The time was spent in waiting for the next meal – one bowl of thin soup and one thin slice of French bread twice a day – and as soon as it became possible, wandering about the casino grounds looking for anything useful, edible, or upon which we could write home.

Peter did manage to write and sent three letters to his family, which took two months to arrive home.  This was the first news they received and they informed the War Office of his situation.  When he had recovered he was marched. with three other British and sixteen French soldiers. to dismantle some Nissen huts and marquees which had been part of British No.1 Base Depot.  This was known as ‘Organisation Todt’.

The staff of No.1 Base Depot must have left in somewhat of a hurry!.  When we came to clean the kitchen and dining area we found ourselves dealing with breakfast plates with the half-eaten bacon and egg breakfast still on them.  In the dining tent were soyer stoves half full with maggot ridden, half-cooked stew, several weeks old.  We cleaned up all the plates, Soyer stoves and utensils for the Germans, also the toilet buckets out of the latrines.  Our most unpleasant job was burying a month, to six week, old corpse of a horse.  For the latter we were given British gas masks and a bottle of brandy, we provided ourselves with anti-gas gloves which were lying about in profusion.

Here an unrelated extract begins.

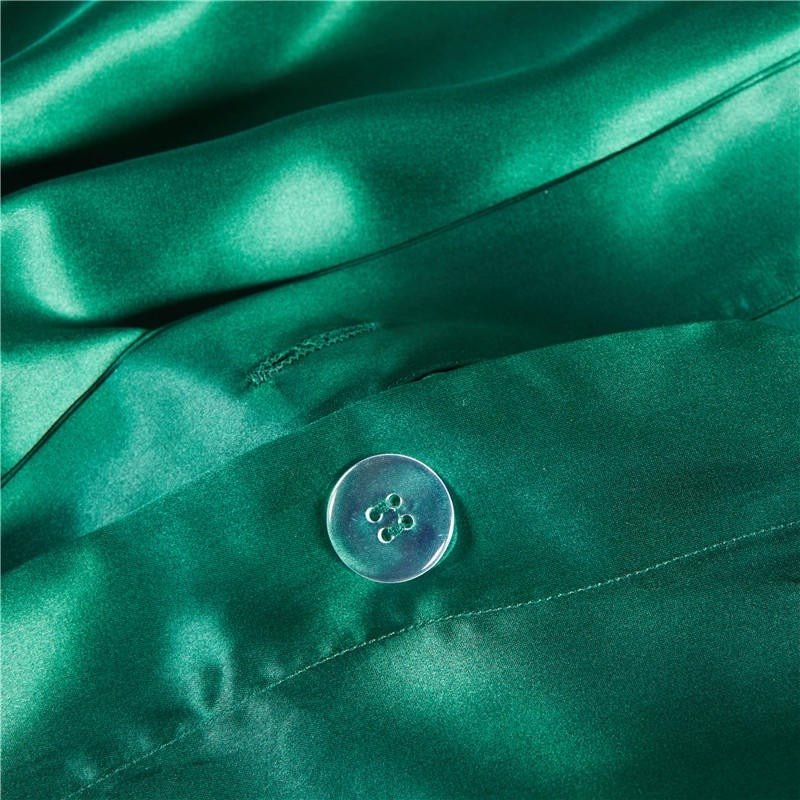 Eloisa Emerald Green Luxury Pure Mulberry Silk Bedding Set - RoseStraya.com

‘Otto’, our guard, had an evil, unshaven, piratical look about him, he came from East Prussia where he said he had a reputation for horse smuggling.  He was actually quite reasonable and gave us no trouble.

The prisoners were permitted to take any clothes left in the depot where they also found plenty of paperback books.  They continued to clear the camp until mid December when they were moved to St Laurent-Blangy, a small village on the outskirts of Arras, and continued labouring.

At Christmas we each received a Xmas box consisting of a small, rather hard, piece of spice cake and a few cigarettes from O.T. along with the Germans.  We did not however feel very much in the festive spirit.  We just thought of all those at home and missed them.  For all of us it was our first Christmas away from home.  We were all very homesick and without any real news of what was happening at home.

After Christmas, Peter remained with Operation Todt with another British and four French prisoners.  The rest were sent to a camp in Germany.

Jock and I did general odd jobs around the chateau and anything that tickled Otto’s fancy.  Amongst the fads that took his fancy was fishing, as he said they did it even in the midst of the East Prussian winter… it was as we were passing our time with these fishing expeditions that we first met two French ladies and a seventeen year old girl.

Mme Evans, Mme Devienne and Elizabeth, the French ladies, visited Peter and Jock, first bringing them cigarettes and biscuits, then asking them if they would like to escape as they could provide help and shelter.  The men decided to make an attempt and planned how to get out of the building.

We decided to take a couple of sandbags up to our room after work on the day of the escape to provide a hessian wrapping for our boots.  We hoped this would quieten our footsteps… we hoped to creep silently from our room, down the top flight of stairs, through the window already opened, creep along the balcony to the end opposite the stairs and climb down the drain pipe.

On the evening of the day of the escape everything went very well, we managed to get the sandbags and sneak the window open, without being noticed, on the way up to our room.  The minutes seemed to pass like hours as we waited for the time to escape and in the end the waiting proved too much for Jock, he cried off at the last moment, wished me good luck and told me to go it alone.  As half past eight approached I went.

Peter managed to climb out of the window and down the drain pipe.  He waited in the bushes for his friends to arrive.  He was taken to Mme Evans’ haberdashery shop and given a meal of fried eggs and chips.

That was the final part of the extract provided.